Easy to leave the car at home

Commuting from Clayton Park to downtown Halifax can be a stressful,relaxing or life-threatening experience, depending on your mode oftransit.

Commuting from Clayton Park to downtown Halifax can be a stressful, relaxing or life-threatening experience, depending on your mode of transit.

If your workplace provides parking, or you don’t mind handing over a heap of money, driving is the preferred option for many.

Lindsey Bunin used to take her car downtown, or get her husband to drop her off, but she took a radical step this month: She bought her first bus pass.

“I love commuting because it’s my chance to de-stress in the a.m. with my coffee and book. It’s just as fast as taking the car and you’re leaving the white-knuckled traffic navigating to someone else,” she says.

“That said, the No. 34 is the bus I take and it’s notoriously off-schedule. I can never predict if it’ll come early or late, so I often end up waiting at the stop longer than necessary.”

Mary Wile, councillor for District 10 (Clayton Park West) has long lobbied for a new bus terminal to serve Clayton Park. The current Lacewood Drive-Willet Street terminal is the second-busiest in Halifax, but has only a couple of glass shelters.

Wile hopes the Clayton Park terminal will make the council’s agenda next year. The growing area around Regency Drive also needs a bus route, she says.

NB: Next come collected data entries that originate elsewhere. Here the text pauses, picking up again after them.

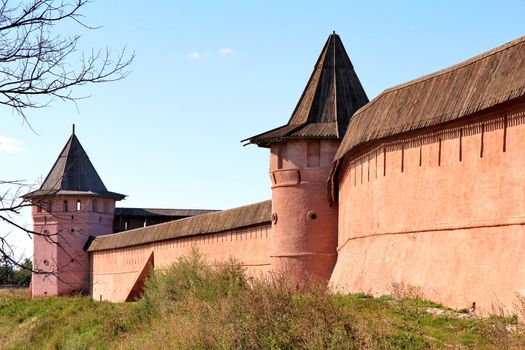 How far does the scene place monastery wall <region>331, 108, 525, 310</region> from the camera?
38.4 ft

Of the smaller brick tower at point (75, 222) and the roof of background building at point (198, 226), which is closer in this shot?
the roof of background building at point (198, 226)

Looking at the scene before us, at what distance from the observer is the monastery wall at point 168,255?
22.2m

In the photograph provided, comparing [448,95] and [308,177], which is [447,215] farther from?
[308,177]

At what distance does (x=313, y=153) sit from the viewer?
801 inches

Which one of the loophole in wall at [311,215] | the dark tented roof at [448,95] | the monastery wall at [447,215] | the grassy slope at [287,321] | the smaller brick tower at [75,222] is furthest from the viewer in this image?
the smaller brick tower at [75,222]

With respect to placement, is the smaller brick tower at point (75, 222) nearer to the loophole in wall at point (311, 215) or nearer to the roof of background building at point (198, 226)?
the roof of background building at point (198, 226)

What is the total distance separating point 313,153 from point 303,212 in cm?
133

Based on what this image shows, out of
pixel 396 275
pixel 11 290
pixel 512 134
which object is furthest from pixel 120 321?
pixel 11 290

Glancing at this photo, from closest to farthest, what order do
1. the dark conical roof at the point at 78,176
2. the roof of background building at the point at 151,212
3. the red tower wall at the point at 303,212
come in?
the red tower wall at the point at 303,212 < the dark conical roof at the point at 78,176 < the roof of background building at the point at 151,212

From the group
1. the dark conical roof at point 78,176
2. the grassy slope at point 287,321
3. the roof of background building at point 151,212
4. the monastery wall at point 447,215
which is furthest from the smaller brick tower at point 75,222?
the monastery wall at point 447,215

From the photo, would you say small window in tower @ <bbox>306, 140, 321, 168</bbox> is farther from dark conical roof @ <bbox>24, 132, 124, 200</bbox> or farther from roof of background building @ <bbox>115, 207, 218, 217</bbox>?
roof of background building @ <bbox>115, 207, 218, 217</bbox>

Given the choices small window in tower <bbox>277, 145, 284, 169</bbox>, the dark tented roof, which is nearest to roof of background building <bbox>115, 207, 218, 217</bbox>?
small window in tower <bbox>277, 145, 284, 169</bbox>

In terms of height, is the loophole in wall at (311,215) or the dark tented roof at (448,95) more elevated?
the dark tented roof at (448,95)

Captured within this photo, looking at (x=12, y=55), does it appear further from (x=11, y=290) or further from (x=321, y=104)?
(x=11, y=290) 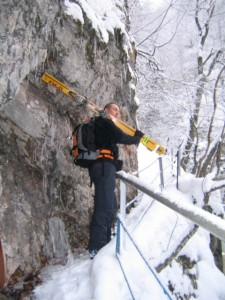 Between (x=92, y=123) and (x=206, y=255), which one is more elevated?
(x=92, y=123)

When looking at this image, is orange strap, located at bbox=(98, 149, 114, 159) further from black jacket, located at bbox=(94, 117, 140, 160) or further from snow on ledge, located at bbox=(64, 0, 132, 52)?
snow on ledge, located at bbox=(64, 0, 132, 52)

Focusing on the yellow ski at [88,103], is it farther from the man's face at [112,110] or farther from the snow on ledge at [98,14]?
the snow on ledge at [98,14]

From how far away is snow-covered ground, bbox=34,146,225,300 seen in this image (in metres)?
2.76

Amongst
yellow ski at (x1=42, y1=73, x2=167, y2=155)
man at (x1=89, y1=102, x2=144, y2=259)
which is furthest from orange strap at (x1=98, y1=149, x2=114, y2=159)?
yellow ski at (x1=42, y1=73, x2=167, y2=155)

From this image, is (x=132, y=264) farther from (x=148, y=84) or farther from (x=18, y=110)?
(x=148, y=84)

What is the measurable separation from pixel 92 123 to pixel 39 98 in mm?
1115

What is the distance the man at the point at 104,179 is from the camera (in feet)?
12.4

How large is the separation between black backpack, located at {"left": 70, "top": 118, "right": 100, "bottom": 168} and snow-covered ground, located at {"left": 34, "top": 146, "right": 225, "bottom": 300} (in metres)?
0.83

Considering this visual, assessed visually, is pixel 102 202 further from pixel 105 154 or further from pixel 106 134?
pixel 106 134

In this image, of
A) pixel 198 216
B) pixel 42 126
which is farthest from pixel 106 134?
pixel 198 216

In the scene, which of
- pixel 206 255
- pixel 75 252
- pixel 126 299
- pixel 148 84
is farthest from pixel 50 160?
pixel 148 84

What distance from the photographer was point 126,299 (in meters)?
2.57

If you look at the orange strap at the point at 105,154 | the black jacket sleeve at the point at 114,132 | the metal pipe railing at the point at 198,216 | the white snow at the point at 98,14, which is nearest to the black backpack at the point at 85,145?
the orange strap at the point at 105,154

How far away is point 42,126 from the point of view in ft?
14.9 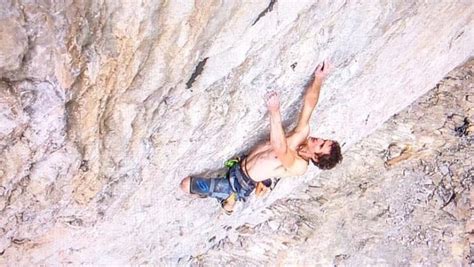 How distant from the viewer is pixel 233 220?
553 centimetres

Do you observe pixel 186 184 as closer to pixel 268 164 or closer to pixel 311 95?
pixel 268 164

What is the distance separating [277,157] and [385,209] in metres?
2.28

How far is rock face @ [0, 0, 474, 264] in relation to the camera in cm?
246

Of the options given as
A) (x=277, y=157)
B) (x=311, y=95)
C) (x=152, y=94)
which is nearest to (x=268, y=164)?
(x=277, y=157)

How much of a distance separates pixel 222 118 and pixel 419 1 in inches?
67.0

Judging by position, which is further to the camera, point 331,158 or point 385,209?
point 385,209

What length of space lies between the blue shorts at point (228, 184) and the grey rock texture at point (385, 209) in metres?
1.40

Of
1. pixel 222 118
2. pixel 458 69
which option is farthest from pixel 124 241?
pixel 458 69

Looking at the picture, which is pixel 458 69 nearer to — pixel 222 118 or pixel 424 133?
pixel 424 133

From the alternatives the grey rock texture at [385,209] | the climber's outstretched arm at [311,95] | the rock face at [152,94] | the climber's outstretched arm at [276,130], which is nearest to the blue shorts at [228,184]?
the rock face at [152,94]

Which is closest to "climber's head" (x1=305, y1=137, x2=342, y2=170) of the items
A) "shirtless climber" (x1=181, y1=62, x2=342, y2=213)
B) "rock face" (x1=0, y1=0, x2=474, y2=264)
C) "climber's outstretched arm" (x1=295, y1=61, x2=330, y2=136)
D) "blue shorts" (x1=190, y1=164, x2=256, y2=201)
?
"shirtless climber" (x1=181, y1=62, x2=342, y2=213)

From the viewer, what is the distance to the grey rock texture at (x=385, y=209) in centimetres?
574

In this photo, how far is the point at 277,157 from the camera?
411 cm

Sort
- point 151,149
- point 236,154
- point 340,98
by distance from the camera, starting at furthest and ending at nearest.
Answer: point 340,98 → point 236,154 → point 151,149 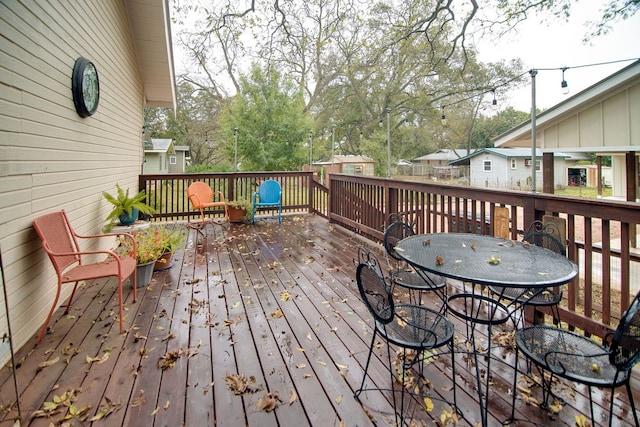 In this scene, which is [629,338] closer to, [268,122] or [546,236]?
[546,236]

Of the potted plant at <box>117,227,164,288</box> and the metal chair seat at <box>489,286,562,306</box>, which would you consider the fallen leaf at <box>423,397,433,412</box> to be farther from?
the potted plant at <box>117,227,164,288</box>

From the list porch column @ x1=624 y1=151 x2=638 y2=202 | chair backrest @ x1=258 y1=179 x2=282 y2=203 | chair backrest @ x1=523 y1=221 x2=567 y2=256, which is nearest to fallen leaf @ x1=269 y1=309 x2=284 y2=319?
chair backrest @ x1=523 y1=221 x2=567 y2=256

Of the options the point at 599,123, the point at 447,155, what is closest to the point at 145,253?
the point at 599,123

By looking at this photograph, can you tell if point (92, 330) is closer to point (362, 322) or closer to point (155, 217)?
point (362, 322)

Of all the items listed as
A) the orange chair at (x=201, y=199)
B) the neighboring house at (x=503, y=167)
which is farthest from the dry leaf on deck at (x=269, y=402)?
the neighboring house at (x=503, y=167)

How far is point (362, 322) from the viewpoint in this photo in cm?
250

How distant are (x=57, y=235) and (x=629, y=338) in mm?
3484

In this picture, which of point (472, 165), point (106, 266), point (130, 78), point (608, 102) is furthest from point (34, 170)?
point (472, 165)

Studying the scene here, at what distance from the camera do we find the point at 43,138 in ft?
8.36

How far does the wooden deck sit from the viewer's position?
1.58m

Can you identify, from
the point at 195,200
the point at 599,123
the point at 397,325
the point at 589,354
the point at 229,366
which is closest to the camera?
the point at 589,354

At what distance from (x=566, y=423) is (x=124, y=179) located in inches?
239

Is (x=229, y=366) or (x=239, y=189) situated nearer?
(x=229, y=366)

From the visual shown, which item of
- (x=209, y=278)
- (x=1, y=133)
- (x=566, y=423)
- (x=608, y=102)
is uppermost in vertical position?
(x=608, y=102) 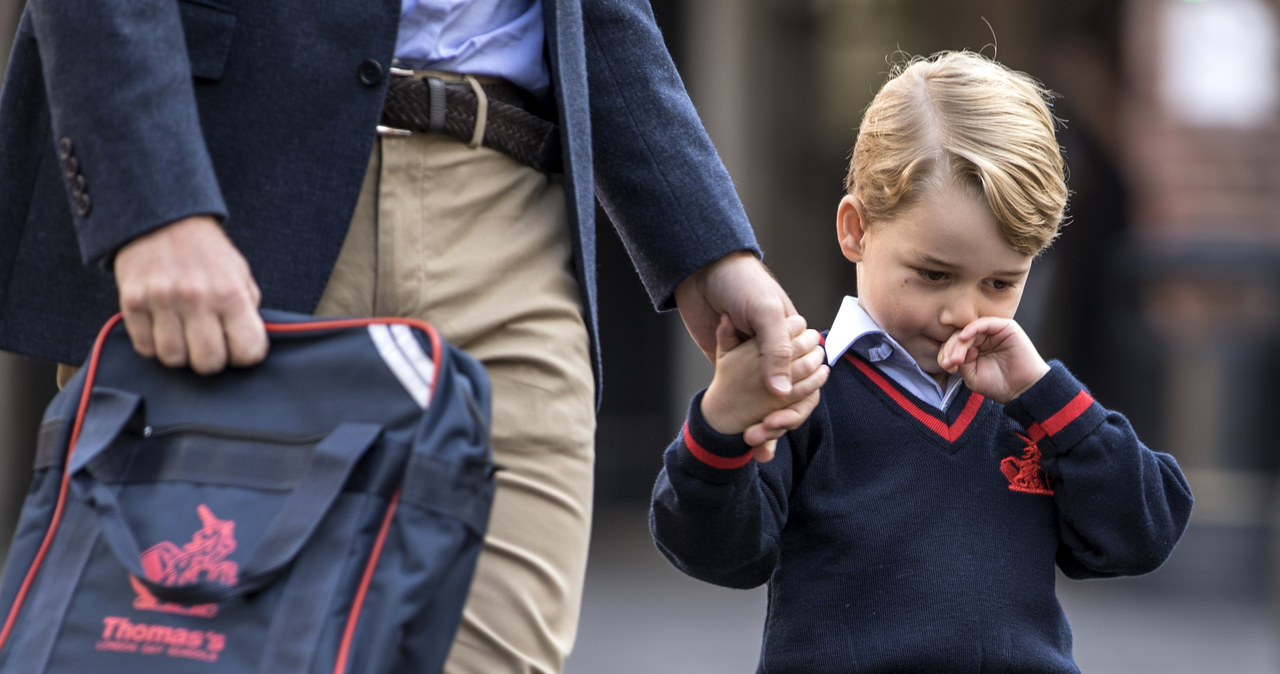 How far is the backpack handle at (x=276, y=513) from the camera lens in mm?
1681

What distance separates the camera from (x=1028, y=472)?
2275 millimetres

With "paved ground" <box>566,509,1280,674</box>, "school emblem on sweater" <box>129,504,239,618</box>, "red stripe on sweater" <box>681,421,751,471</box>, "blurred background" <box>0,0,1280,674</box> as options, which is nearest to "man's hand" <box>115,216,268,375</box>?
"school emblem on sweater" <box>129,504,239,618</box>

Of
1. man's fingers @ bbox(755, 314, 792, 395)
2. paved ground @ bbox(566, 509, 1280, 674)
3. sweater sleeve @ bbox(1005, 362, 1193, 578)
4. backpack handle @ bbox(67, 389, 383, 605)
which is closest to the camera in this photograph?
backpack handle @ bbox(67, 389, 383, 605)

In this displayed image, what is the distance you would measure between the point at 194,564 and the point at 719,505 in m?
0.70

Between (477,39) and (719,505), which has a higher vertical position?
(477,39)

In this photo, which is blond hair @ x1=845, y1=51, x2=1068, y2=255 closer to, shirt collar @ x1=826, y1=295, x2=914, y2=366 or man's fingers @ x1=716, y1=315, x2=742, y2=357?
shirt collar @ x1=826, y1=295, x2=914, y2=366

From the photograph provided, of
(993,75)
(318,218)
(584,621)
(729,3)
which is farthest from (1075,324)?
(318,218)

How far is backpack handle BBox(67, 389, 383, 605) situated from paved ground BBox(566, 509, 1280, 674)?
13.5 feet

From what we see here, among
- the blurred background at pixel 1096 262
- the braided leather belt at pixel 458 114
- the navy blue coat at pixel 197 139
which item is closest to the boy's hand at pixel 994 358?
the navy blue coat at pixel 197 139

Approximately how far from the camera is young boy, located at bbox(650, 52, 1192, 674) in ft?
7.08

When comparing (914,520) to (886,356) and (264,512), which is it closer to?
(886,356)

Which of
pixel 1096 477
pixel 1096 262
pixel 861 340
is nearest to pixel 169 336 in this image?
pixel 861 340

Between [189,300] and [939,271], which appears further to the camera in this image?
[939,271]

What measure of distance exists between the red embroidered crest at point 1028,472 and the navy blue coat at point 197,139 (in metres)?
0.48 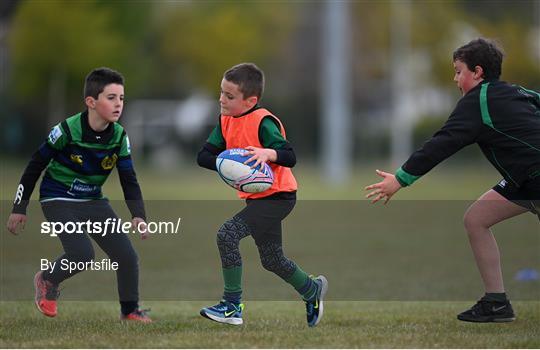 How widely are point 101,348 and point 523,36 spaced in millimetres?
42948

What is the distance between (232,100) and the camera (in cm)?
661

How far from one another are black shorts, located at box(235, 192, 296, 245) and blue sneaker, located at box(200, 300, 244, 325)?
472mm

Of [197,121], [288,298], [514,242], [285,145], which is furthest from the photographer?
[197,121]

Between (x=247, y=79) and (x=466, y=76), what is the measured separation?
149 cm

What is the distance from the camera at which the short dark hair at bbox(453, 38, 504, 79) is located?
21.8 ft

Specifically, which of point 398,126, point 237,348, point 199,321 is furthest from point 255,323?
point 398,126

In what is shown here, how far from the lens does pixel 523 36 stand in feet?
151

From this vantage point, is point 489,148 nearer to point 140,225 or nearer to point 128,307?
point 140,225

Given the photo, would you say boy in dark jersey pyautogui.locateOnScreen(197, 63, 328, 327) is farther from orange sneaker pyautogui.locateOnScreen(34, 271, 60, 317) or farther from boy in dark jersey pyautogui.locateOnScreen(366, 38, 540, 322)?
orange sneaker pyautogui.locateOnScreen(34, 271, 60, 317)

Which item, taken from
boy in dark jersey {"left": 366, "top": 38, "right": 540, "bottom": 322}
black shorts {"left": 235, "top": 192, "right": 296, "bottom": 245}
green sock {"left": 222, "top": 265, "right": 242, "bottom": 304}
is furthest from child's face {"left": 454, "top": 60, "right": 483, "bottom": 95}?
green sock {"left": 222, "top": 265, "right": 242, "bottom": 304}

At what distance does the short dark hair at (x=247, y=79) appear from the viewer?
659cm

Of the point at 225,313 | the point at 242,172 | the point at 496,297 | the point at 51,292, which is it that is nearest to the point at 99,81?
the point at 242,172

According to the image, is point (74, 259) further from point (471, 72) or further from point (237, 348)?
point (471, 72)

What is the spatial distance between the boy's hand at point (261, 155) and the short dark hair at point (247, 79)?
1.47 ft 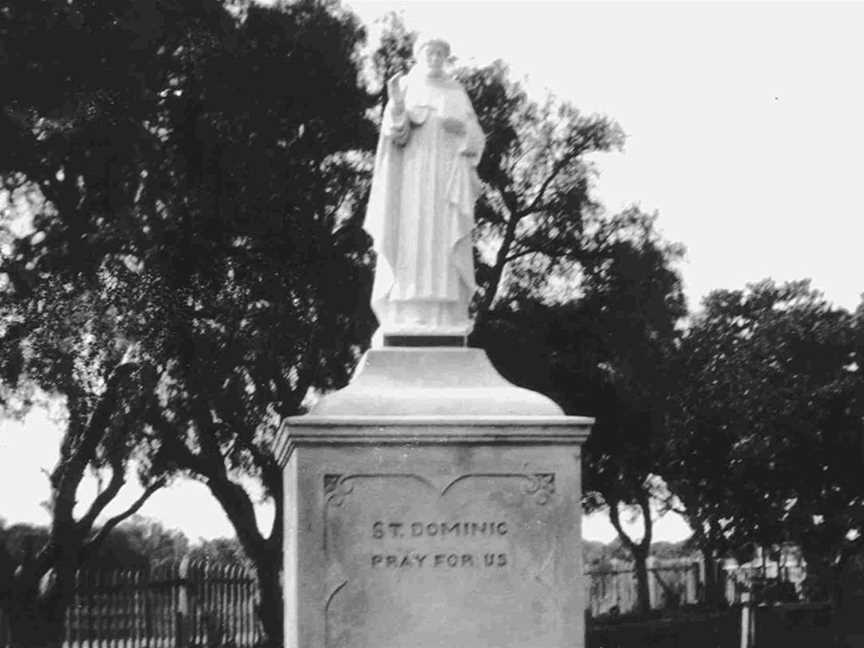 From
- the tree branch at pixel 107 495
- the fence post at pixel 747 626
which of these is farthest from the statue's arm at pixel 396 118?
the fence post at pixel 747 626

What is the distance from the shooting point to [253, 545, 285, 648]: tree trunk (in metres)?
24.2

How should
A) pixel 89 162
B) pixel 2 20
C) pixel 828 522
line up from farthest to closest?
pixel 828 522
pixel 89 162
pixel 2 20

“I would hope (the terminal) would be similar to the Mumford Road one, where the buses can drive in and come out,” Wile says. It also needs to have washrooms, as bus passengers must currently borrow the toilets of local facilities. Wile also wants more kneeling buses to accommodate passengers who use wheelchairs.

Douglas Smith bikes into work. Bike lanes are scarce and a mixed blessing, he says, as motorists don’t always stay on their side of the white line.

“Parkland is wide and I have never had a problem on it. Dunbrack and Lacewood are fast, but have two lanes in each direction, so cars have room to pass safely most of the time,” Smith says. The most dangerous part is getting on the peninsula.

“There is no safe way to do it. A person has to ride to the end of the Bedford Highway and have a multilane, fast, heavy traffic fight at the Windsor Street exchange, or merge onto Bayers Road where Highway 102 ends. The speed limit is 50 there, but cars are slowing from 100 and generally are still going 70-90 kilometres per hour. The rotary is the safest way into the core, but it’s out of my way.”

The Mainland North Linear Parkway offers a car-free ride part of the way, but cyclists have to be alert for off-leash dogs.